#### What this task involves:
From the records below, output exactly the lines starting at the line with "Snapshot of kathina_giraldo" and ending at the line with "Thumbnail-Wohnung zum Kaufen", both of them included, but no pictures.

#### Available data:
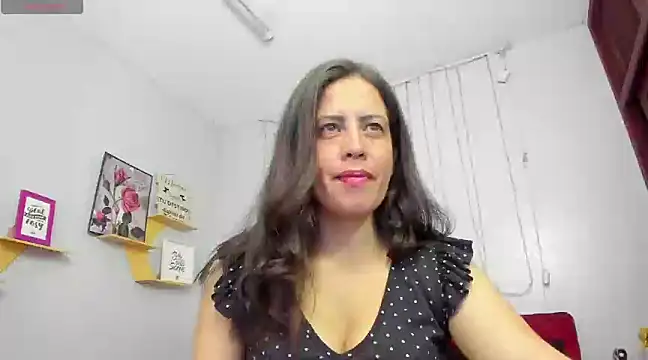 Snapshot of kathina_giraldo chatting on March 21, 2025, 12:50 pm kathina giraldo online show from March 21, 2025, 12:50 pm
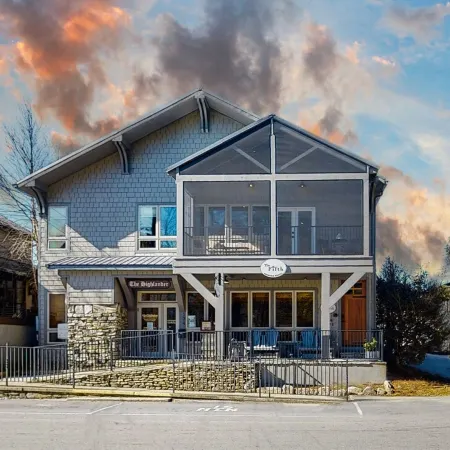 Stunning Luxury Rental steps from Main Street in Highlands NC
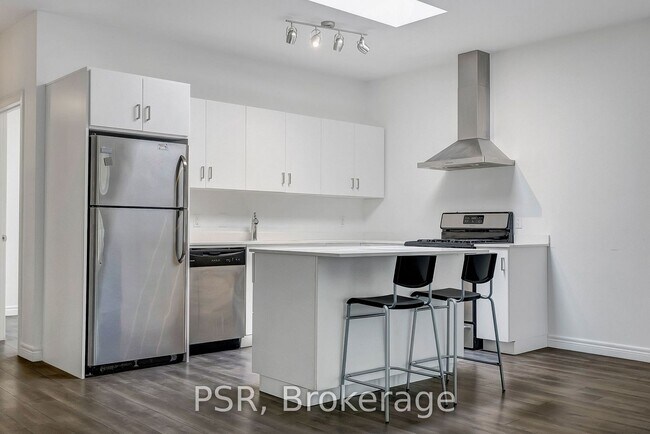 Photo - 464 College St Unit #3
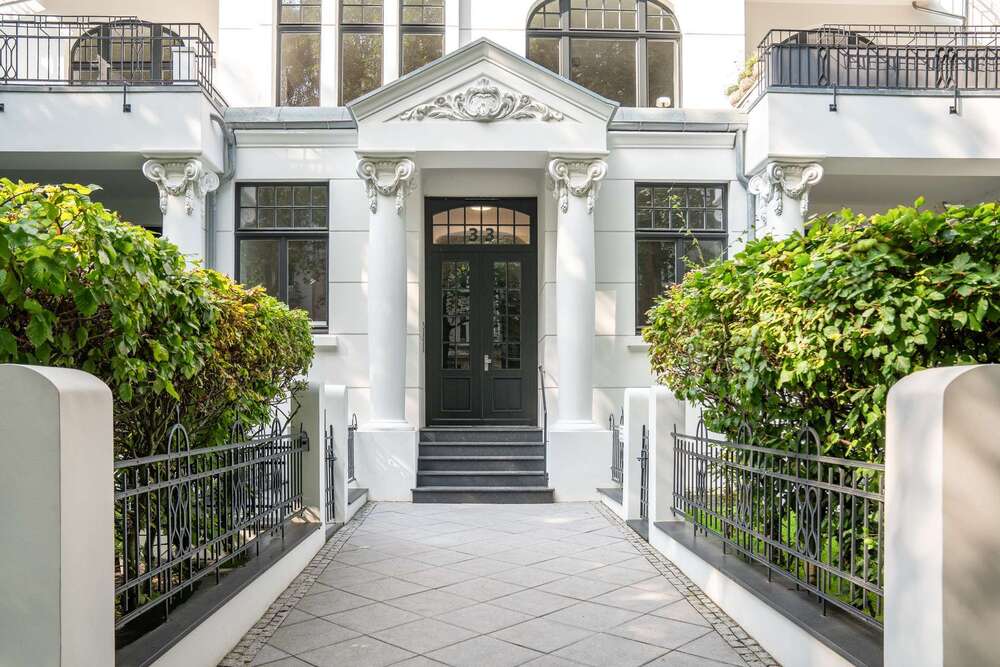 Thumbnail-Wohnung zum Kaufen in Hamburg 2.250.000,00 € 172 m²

* * *

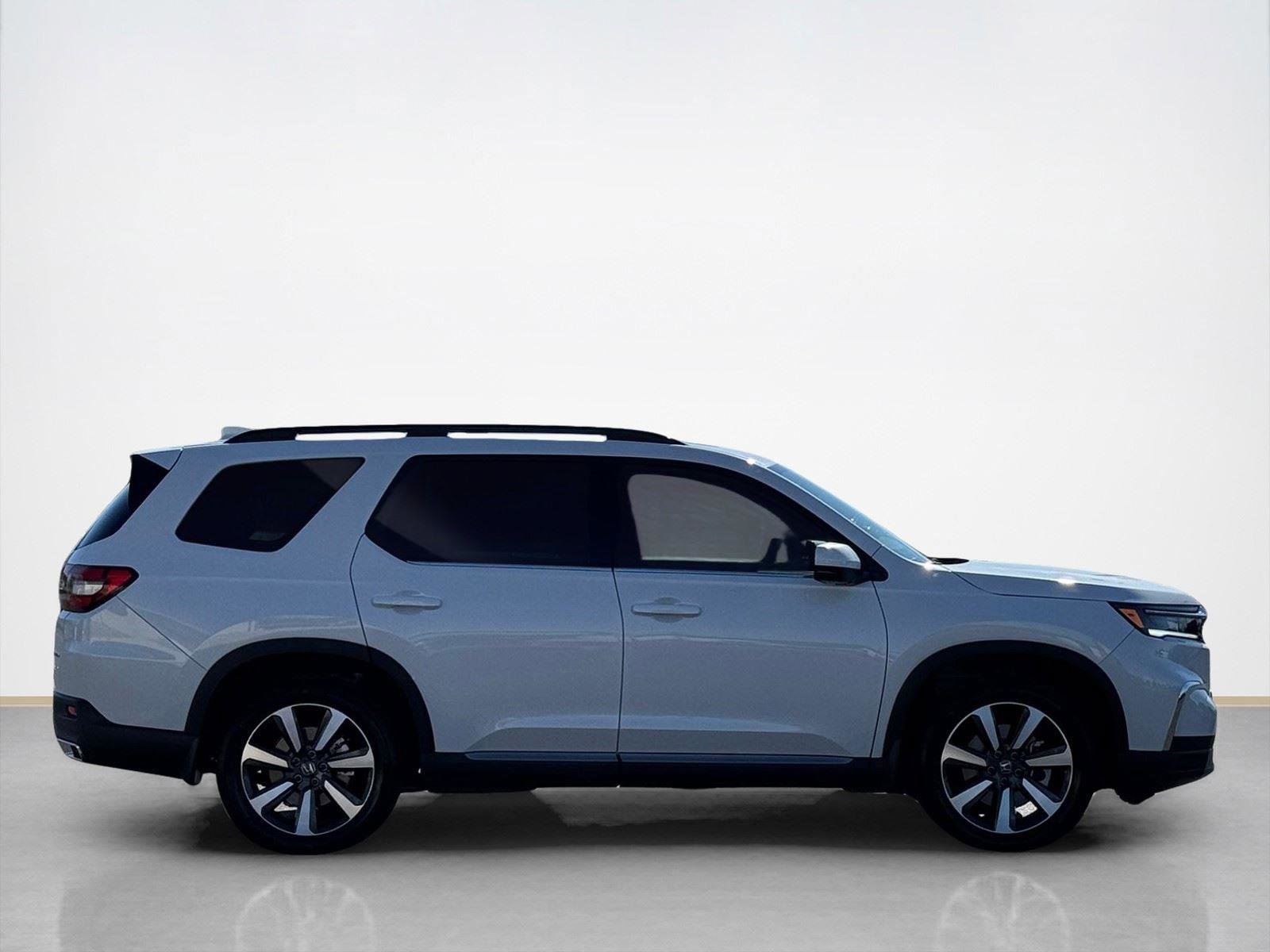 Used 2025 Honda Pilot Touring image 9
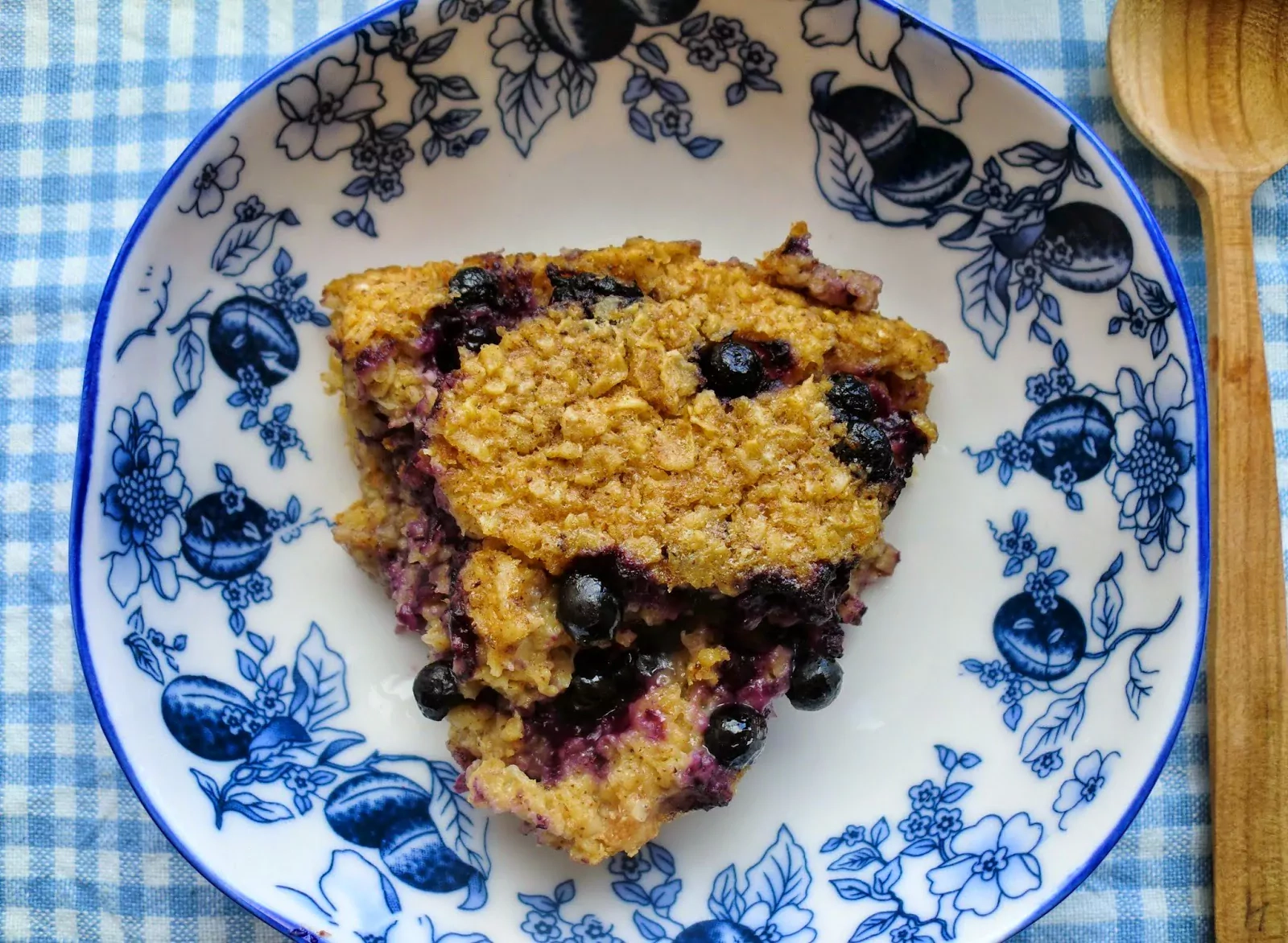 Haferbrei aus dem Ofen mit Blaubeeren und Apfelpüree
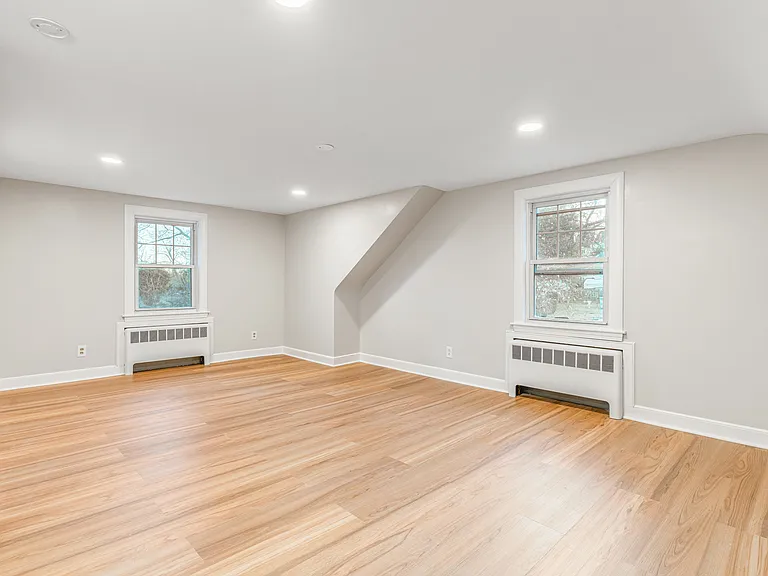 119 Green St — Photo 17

--

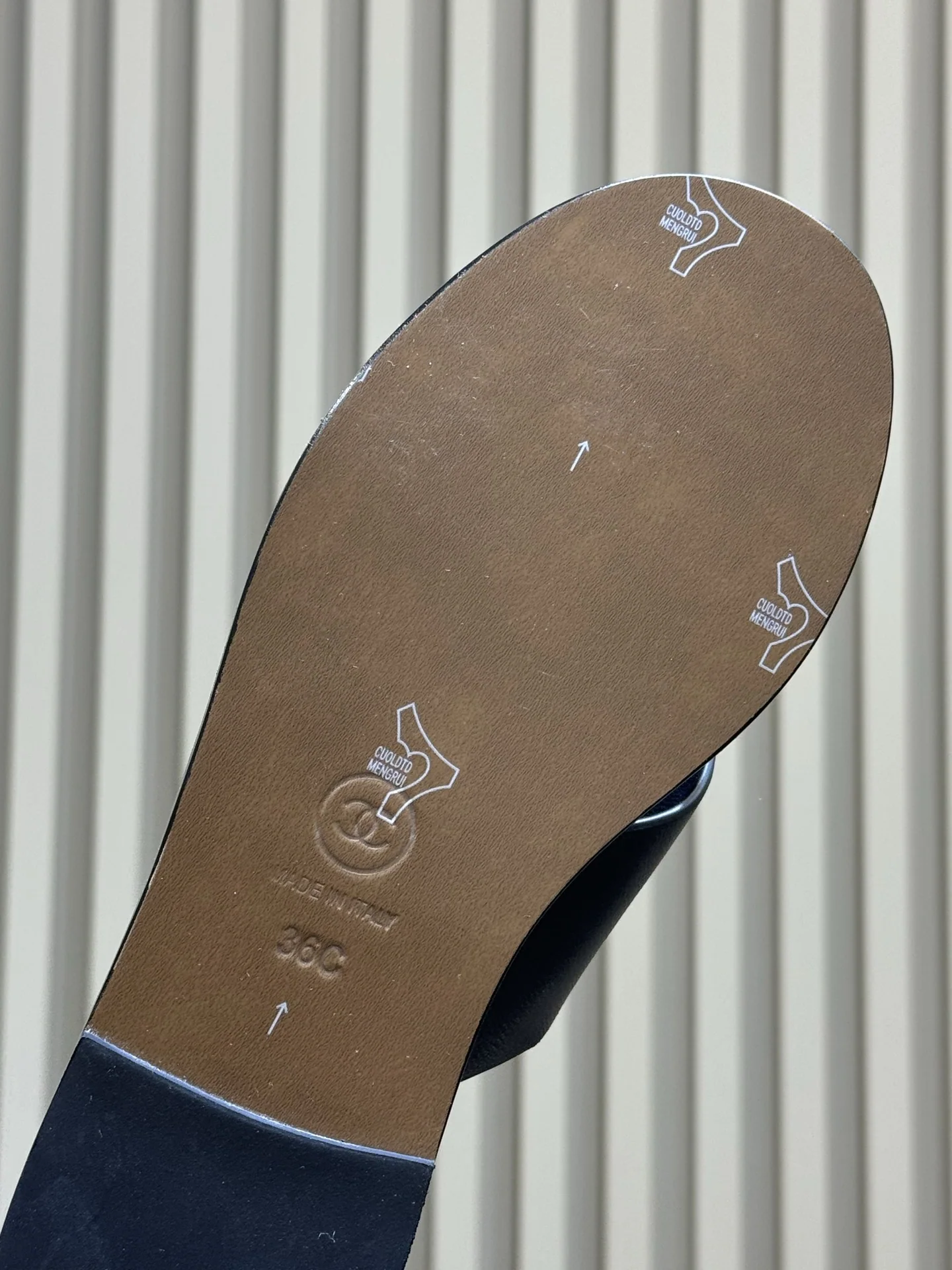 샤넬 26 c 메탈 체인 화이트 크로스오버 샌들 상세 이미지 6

#### Output of the task:
 Snapshot of kathina_giraldo chatting on March 21, 2025, 12:50 pm kathina giraldo online show from March 21, 2025, 12:50 pm
 Stunning Luxury Rental steps from Main Street in Highlands NC
 Photo - 464 College St Unit #3
 Thumbnail-Wohnung zum Kaufen in Hamburg 2.250.000,00 € 172 m²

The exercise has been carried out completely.